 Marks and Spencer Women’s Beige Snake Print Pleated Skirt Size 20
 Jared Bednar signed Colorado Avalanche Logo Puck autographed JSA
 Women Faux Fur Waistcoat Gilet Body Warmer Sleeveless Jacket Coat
********************
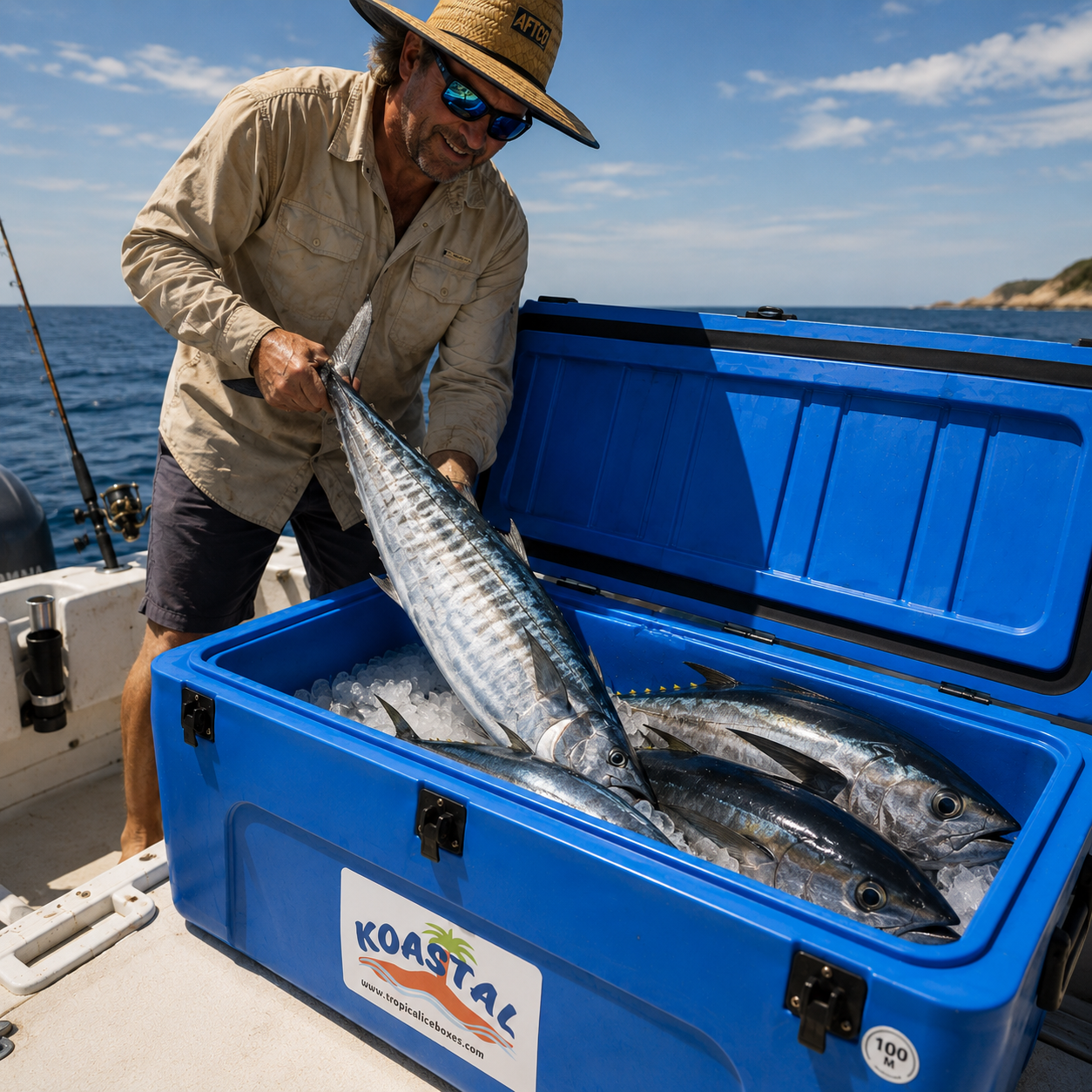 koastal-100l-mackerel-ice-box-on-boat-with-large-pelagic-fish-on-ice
********************
**TASK DETAILS:** In your answer, include only the lines above starting at the line that holds "Marks and Spencer" and ending at the line that holds "Women Faux Fur", copied exactly.

**REPLY TO THE EXERCISE:**
 Marks and Spencer Women’s Beige Snake Print Pleated Skirt Size 20
 Jared Bednar signed Colorado Avalanche Logo Puck autographed JSA
 Women Faux Fur Waistcoat Gilet Body Warmer Sleeveless Jacket Coat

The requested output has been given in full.